[Intel-gfx] [PATCH 1/4] drm/i915/gt: Remove platform comments from workarounds
Lucas De Marchi
lucas.demarchi at intel.com
Fri Dec 23 18:28:07 UTC 2022
On Fri, Dec 23, 2022 at 09:02:35AM +0000, Tvrtko Ursulin wrote:
>
>On 22/12/2022 15:55, Lucas De Marchi wrote:
>>On Thu, Dec 22, 2022 at 10:27:00AM +0000, Tvrtko Ursulin wrote:
>>>
>>>On 22/12/2022 08:25, Lucas De Marchi wrote:
>>>>The comments are redundant to the checks being done to apply the
>>>>workarounds and very often get outdated as workarounds need to be
>>>>extended to new platforms or steppings.
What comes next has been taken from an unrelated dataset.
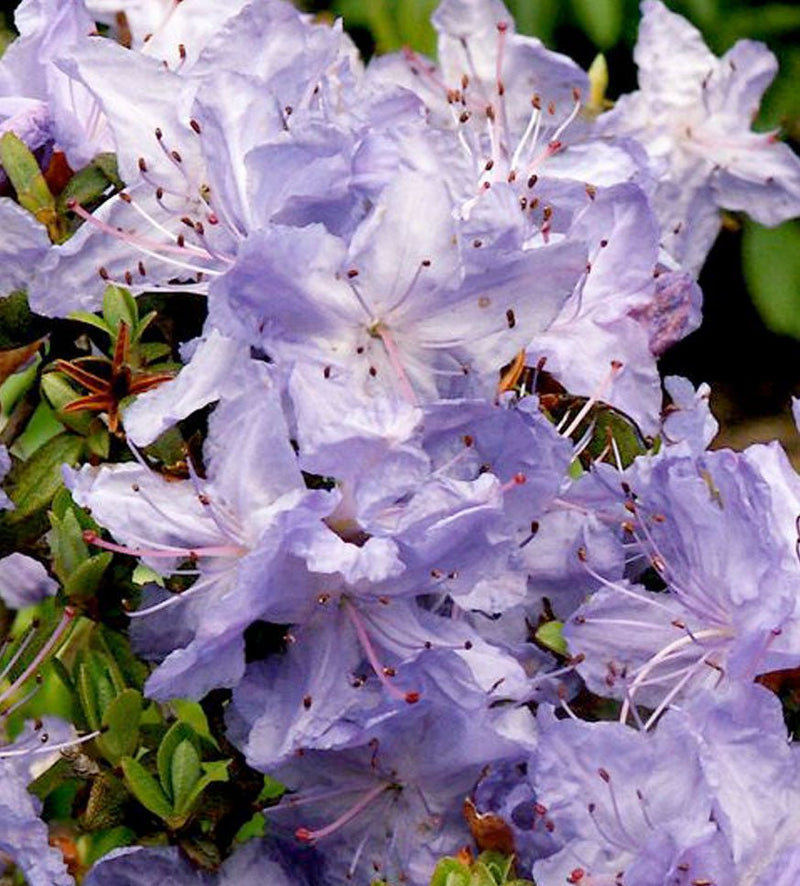 Oceanlake plant from Rocky Knoll Farm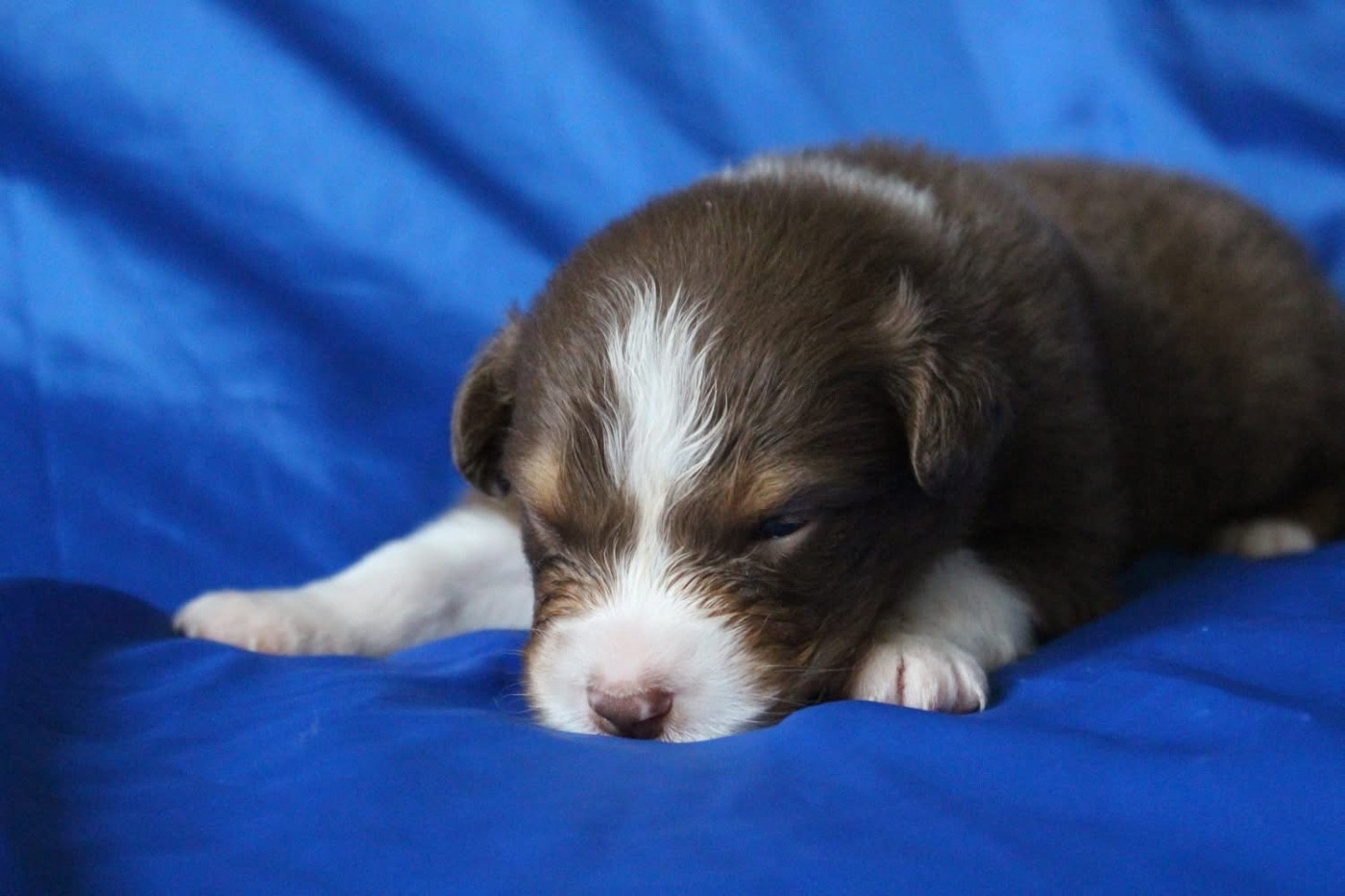 Of Blue Highway - Chiots disponibles - Berger Australien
Remove them altogether with
>>>>the following matches (platforms extracted from intel_workarounds.c):
>>>>
>>>> find drivers/gpu/drm/i915/gt/ -name '*.c' | xargs sed -i -E \
>>>>'s/(Wa.*):(bdw|chv|bxt|glk|skl|kbl|cfl|cfl|whl|cml|aml|chv|cl|bw|ctg|elk|ilk|snb|dg|pvc|g4x|ilk|gen|glk|kbl|cml|glk|kbl|cml|hsw|icl|ehl|ivb|hsw|ivb|vlv|kbl|pvc|rkl|dg|adl|skl|skl|bxt|blk|cfl|cnl|glk|snb|tgl|vlv|xehpsdv).*/\1/'
>>>> find drivers/gpu/drm/i915/gt/ -name '*.c' | xargs sed -i -E \
>>>>'s/(Wa.*):(bdw|chv|bxt|glk|skl|kbl|cfl|cfl|whl|cml|aml|chv|cl|bw|ctg|elk|ilk|snb|dg|pvc|g4x|ilk|gen|glk|kbl|cml|glk|kbl|cml|hsw|icl|ehl|ivb|hsw|ivb|vlv|kbl|pvc|rkl|dg|adl|skl|skl|bxt|blk|cfl|cnl|glk|snb|tgl|vlv|xehpsdv).*\*\//\1
>>>>
>>>>Same things was executed in the gem directory, omitted here for brevity.
>>>
>>>>There were a few false positives that included the workaround
>>>>description. Those were manually patched.
>>>
>>>sed -E 's/(Wa[a-zA-Z0-9_]+)[:,]([a-zA-Z0-9,-_\+\[]{2,})/\1/'
>>
>>then there are false negatives. We have Was in the form
>>"Wa_xxx:tgl,dg2, mtl". False positives we can fixup, false negatives
>>we simply don't see. After running that in gt/:
>>
>>$ git grep ": mtl" -- drivers/gpu/drm/i915/
>>drivers/gpu/drm/i915/gt/intel_gt_pm.c: /* Wa_14017073508: mtl */
>>drivers/gpu/drm/i915/gt/intel_gt_pm.c: /* Wa_14017073508: mtl */
>>drivers/gpu/drm/i915/gt/intel_gt_pm.c: /* Wa_14017073508: mtl */
>>drivers/gpu/drm/i915/gt/intel_gt_pm.c: /* Wa_14017073508: mtl */
>>drivers/gpu/drm/i915/gt/uc/intel_guc_rc.c: * Wa_14017073508: mtl
>>drivers/gpu/drm/i915/i915_reg.h:/* Wa_14017210380: mtl */
>>
>>I was going with the platform names to avoid the false
>>negatives and because I was entertaining the idea of only doing this for
>>latest platforms where we do have the "Wa_[[:number:]]" form
>>
>>>
>>>Maybe..
>>>
>>>Matt recently said he has this worked planned, but more
>>>importantly - I gather then that the WA lookup tool definitely
>>>does not output these strings?
>>
>>Whatever it does it's true only at the time it's called. It simply
>>tells what
>>are the platforms and steppings the Wa applies to. We can change the
>>output to whatever we want, but that is not the point.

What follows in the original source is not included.